Initial excitements can be introduced towards different subset of
action units. The final output can be obtained from different
subsets of the action units. All these factors will affect the
final outcome of sound generation, resulting in complicated,
entropy rich natural sound with a natural warmth feeling.
EMBODIMENT EXAMPLE TWO
[0044] Embodiment example two is similar to example one in that
only one action unit, one input and one output is used. Refer to
claim 2, instead of taking a short duration push as input, it takes
the a series of sampled audio data as input. The system outputs a
samples audio data, sampled at a different sample rate. Such a
system converts audio data from one sample rate to another, for
example converting audio recorded at 44.1 KHz to an audio at sample
rate 8 KHz.
[0045] As provided by current invention, each action unit can be
updated at different iteration time steps. In this embodiment
example, the input unit will iterate at the sample rate of the
input signal, i.e., 44100 times per second. The output unit will
iterate at the sample rate of the output signal, i.e., 8000 times
per second. The action unit will iterate at indefinite time
intervals, i.e., iterate each time it interact with the input unit,
which is 44100 times per second, or with the output unit, which is
8000 times per second. Refer to claim 3 on such a sample rate
conversion.
[0046] At each iteration step, the input unit will convert the
sampled input signal into values of its own variables, and then
interact with the action unit. Assuming the input signal is Y,
variables of the input units are calculated as such: The value Y is
directly assigned to X; The difference of X from previous value is
divided by the time step and assigned to V; Difference of V from
previous value is divided by the time step and assigned to A. For
easy calculation we set the time step to 1. For example, if values
of the input Y are: . . . 1, 3, 7, then the input unit variable X
will be 1, 3, 7, with 7 being its latest value. The value of V will
be increment of X at each step, or 2, 4. The value A will be
increment of V, or 2. In summary, X is just the input signal, V is
derivative of X, and A is derivative of V.
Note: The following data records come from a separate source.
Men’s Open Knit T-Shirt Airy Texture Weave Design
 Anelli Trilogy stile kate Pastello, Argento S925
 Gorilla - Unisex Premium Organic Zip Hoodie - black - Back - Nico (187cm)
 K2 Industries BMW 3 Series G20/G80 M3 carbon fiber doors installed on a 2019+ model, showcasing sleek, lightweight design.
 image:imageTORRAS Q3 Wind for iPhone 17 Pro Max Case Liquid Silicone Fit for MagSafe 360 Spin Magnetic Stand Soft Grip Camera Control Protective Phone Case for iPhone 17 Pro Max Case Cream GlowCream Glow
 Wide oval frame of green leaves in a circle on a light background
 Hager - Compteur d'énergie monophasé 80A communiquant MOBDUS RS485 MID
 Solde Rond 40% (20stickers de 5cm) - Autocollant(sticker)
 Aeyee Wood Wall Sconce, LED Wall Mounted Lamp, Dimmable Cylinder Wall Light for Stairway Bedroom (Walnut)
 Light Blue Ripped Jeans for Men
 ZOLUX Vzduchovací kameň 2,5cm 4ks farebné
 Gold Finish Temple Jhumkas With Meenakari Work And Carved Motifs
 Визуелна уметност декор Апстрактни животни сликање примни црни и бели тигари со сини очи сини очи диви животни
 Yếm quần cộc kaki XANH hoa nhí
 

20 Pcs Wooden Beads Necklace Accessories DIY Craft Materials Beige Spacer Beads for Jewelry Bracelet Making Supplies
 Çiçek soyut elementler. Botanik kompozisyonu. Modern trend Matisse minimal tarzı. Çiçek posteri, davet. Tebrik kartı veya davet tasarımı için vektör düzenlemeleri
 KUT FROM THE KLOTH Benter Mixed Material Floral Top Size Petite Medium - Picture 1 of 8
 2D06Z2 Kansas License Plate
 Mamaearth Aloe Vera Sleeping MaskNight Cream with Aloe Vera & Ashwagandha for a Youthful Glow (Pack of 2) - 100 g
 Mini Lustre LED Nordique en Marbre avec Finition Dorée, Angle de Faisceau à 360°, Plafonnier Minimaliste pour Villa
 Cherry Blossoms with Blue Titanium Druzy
[0047] The interaction of the input unit to the action unit is
I(T), calculated as:
I(T)=m*A+d*V+k*X (5)
[0048] We choose suitable constants m, d, k to ensure that the
frequency response of the interaction suppresses frequencies near
or above half of the output sample rate of 8 KHz. Since we want a
cut off frequency of 4 KHz, it is appropriate to choose a pair of
(m, k) values that gives
W=SQRT(k/m)=2*PI*4000 Hz
[0049] As we set the time step of 44.1 KHz as 1, angular velocity
W=2*PI*4 KHz/44.1 KHz=0.57. Thus it is appropriate to set k=1,
d=W=0.57, and m=W*W=0.325 for the interaction. Through
experimenting and theoretical calculation, a more suitable set of
(m,d,k) values can be found to achieve the best result of sample
rate conversion. Likewise, the action unit can have similar values
of (M,D,K) defined. Finally, an output unit can be similarly
defined as a linear combination of variables X, V, A in the action
unit. The output interaction can be calculated 8000 times per
second. The values obtained are normalized and output as sampled
output data.
EMBODIMENT EXAMPLE THREE
[0050] In embodiment example three, a plural of action units and
interactions are used to construct a synthesis system.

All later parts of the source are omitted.